- YOUR OBJECTIVE -
Report each line of the records below that uses the word "Embroidery".
^^^^
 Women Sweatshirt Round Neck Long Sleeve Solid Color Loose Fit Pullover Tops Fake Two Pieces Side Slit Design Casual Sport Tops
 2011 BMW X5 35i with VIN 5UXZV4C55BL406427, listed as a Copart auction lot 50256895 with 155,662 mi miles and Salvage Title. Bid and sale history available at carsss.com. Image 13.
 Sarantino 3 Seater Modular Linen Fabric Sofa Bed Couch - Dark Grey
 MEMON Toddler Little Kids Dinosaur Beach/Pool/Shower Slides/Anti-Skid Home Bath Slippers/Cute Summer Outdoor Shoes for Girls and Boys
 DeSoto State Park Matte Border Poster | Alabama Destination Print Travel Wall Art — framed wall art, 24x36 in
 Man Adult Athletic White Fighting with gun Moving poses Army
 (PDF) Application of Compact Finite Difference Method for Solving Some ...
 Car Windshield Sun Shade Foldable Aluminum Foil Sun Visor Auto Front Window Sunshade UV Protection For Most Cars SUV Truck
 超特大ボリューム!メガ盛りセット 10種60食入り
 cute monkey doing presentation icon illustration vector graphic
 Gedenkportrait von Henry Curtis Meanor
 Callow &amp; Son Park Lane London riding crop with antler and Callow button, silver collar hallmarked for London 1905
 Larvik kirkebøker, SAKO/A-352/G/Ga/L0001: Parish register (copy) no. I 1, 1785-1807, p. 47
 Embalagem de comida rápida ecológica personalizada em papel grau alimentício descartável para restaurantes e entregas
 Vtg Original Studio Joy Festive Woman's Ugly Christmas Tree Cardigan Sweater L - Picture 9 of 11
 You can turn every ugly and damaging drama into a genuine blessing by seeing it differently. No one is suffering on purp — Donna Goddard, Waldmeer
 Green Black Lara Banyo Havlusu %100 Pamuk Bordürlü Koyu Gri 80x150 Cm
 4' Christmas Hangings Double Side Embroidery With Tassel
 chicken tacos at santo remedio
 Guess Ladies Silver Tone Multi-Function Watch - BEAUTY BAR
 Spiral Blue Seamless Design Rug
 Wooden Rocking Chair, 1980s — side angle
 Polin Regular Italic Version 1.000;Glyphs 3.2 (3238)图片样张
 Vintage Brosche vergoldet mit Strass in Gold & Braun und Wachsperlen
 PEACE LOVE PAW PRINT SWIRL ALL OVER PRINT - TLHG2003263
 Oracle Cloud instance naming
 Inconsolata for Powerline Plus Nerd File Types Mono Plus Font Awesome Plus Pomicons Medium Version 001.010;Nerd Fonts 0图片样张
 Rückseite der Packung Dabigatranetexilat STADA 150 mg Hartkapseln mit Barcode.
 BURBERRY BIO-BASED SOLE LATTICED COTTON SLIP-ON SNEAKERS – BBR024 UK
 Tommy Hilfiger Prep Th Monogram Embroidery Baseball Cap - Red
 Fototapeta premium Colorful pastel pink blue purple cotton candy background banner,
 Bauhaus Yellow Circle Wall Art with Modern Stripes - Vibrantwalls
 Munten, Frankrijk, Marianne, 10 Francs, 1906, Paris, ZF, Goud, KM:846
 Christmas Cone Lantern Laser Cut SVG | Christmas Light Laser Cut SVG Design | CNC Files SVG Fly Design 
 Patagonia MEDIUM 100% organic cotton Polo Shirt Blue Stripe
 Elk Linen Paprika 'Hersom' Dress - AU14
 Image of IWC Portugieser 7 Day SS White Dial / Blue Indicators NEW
^^^^
- RESULT OF THE EXERCISE -
 4' Christmas Hangings Double Side Embroidery With Tassel
 Tommy Hilfiger Prep Th Monogram Embroidery Baseball Cap - Red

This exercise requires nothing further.